There is a war raging. One side is fighting to obliterate a beloved champion of the people. The typography world has long been disgusted and outraged by the general popularity and overuse of the typeface Comic Sans. Their aim is to “eradicate this font from the face of the earth.”
Comic Sans is bubbly, silly, and wasn’t even well thought-out, apparently. According to Wikipedia, Microsoft designer, Vincent Connare was working on program with cartoon characters that spoke in Times New Roman and recognized the need for a more informal typeface.
After combing the Word typeface catalog, he found nothing appropriate, and quickly designed his version of comic book lettering. Comic Sans shot off like a rocket among Microsoft users. (Ironically Connare now sympathizes with the haters.)
Frankly, it’s hard to believe that typeface designers haven’t already jumped on this. I believe most word-processing software now include Comic Sans in their typeface catalogues. They pay Microsoft royalties in order to do so. There’s obvious market interest on this point.
So why do the haters object so violently? After perusing BanComicSans.com (which was truly an entertaining way to burn an afternoon, by the way. I definitely recommend it.) I gather they object on several points. First, fonts are supposed to convey meaning, and Comic Sans projects nothing but lightheartedness.
What can I say? Duh. Hence the value.
Second, Comic Sans holds no respect for tradition. It was created without regard to rules and guidelines that have long since been “established standards of this craft.”

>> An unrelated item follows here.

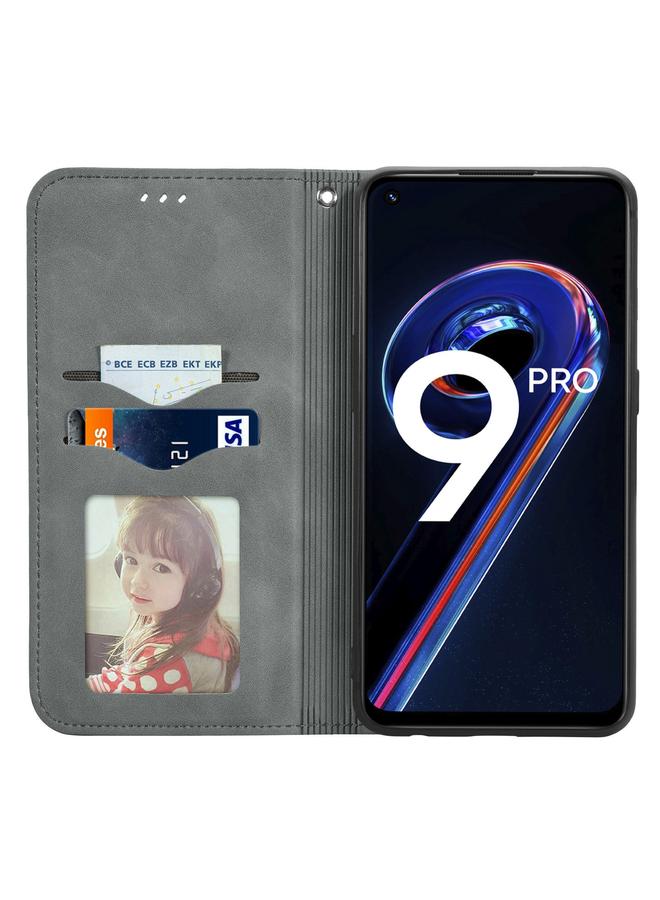 S-TOP Case For OPPO Realme 9 Pro Retro Skin Feel Magnetic Horizontal Flip Leather Phone Case - Image 3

I’m all for preserving and respecting the traditions set by the stone-carvers and typesetters that worked so hard at their craft. They deserve it. And that history is still relevant to the work that goes into a typeface design today. However, in the marketplace, value should be somewhat dictated by the consumer. Surely someone in the typography profession is smart enough to address and merge these two points.
BanComicSans.com also points to the constant inappropriate use of the font. Warning signs, angry letters, hospital department ads have all been given a naïve spin, because their designers should have made better decisions.
I once heard the use of Comic Sans compared to wearing a clown suit to a black-tie affair, and I agree, there are tons of situations where Comic Sans is wildly inappropriate. But what about my three-year-old’s birthday party? I’d much rather show up in a clown suit than an evening gown. Likewise I’d feel just as silly displaying party banners printed in Bookman Oldstyle or some such.
It is also true that Comic Sans is used to death these days. I even avoid its use, because mainstream popularity has pushed it to the point of cliché. But I continually search unsatisfactorily for a replacement.
So, attention typography world: there is a need to fill here! If you don’t like Comic Sans, fine. Get rid of it. But please provide us the product we are asking for. Give us something appropriate already!
Your turn beloved reader. Where do you weigh in?